Lorsque plusieurs copropriétaires ne règlent pas ou ne règlent que partiellement leurs appels de fonds, la copropriété bascule en difficulté économique, n’ayant plus la capacité de faire face aux factures des fournisseurs ou des travaux à réaliser.

Ainsi, à défaut d’engager des procédures judiciaires à temps, et surtout obtenir l’exécution de la décision judiciaire, le syndicat des copropriétaires peut se retrouver contraint de faire appel à la solidarité des autres copropriétaires pour renflouer la trésorerie.

C’est à ce titre que dans le cadre de l’assemblée générale, peut être proposée une question qui consiste à voter la constitution d’une « avance de solidarité » qui a pour objet de demander aux copropriétaires d’avancer des fonds tant que les débiteurs n’ont pas réglé « de gré ou de force » leurs appels de fonds.

Cette avance est souvent définitive compte tenu du fait que les copropriétaires débiteurs ne paient pas jusqu’à en arriver à voter la saisie immobilière de leurs lots avec la constatation d’une dette dite irrécouvrable.

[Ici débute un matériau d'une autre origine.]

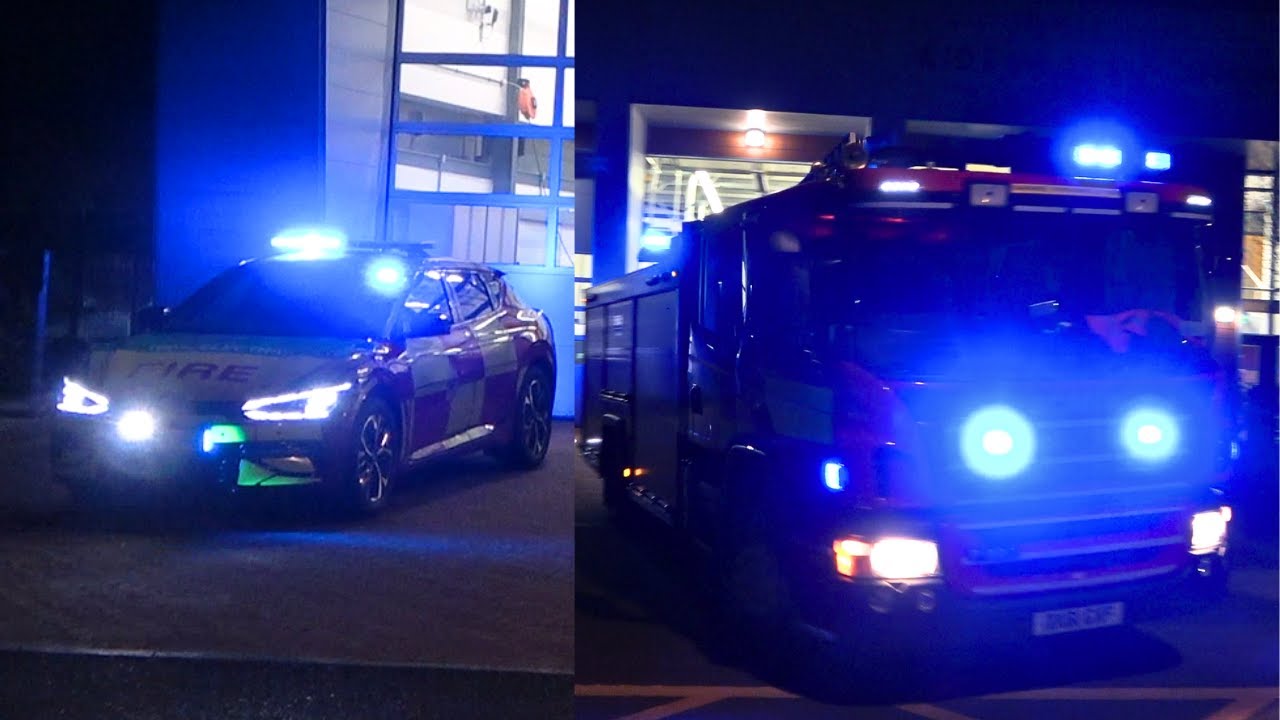 Kidsgrove Retained Pump + New Kia EV6 Fire Officer Turnout - Staffordshire Fire And Rescue Service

Mais la situation peut s’avérer encore plus grave.

II – La dette estimée, définitivement irrecouvrable

Lorsque l’assemblée générale prévoit le vote de la saisie immobilière d’un lot appartenant à un copropriétaire débiteur, l’article 11 du décret du 17 mars 1967 impose de prévoir une autre résolution qui consiste à estimer les sommes définitivement perdues.

Il s’agit du montant de la dette qui risque de ne pas être recouvrée même après la saisie judiciaire du bien et de la distribution du prix.

Cette situation est due soit à un montant d’impayés trop important au vu du montant du lot vendu judiciairement soit du fait qu’il y a plusieurs créanciers inscrits sur ce lot.

En tout état de cause, la dette irrecouvrable se retrouve être une charge de copropriété qui doit être supportée par les copropriétaires à hauteur de leurs tantièmes.

Voilà pourquoi si en théorie légale, il n’y a pas de solidarité, en pratique, elle existe bien, nécessitant une exigence et une vigilance du conseil syndical lorsque l’on constate des impayés de charges qui évoluent de manière importante.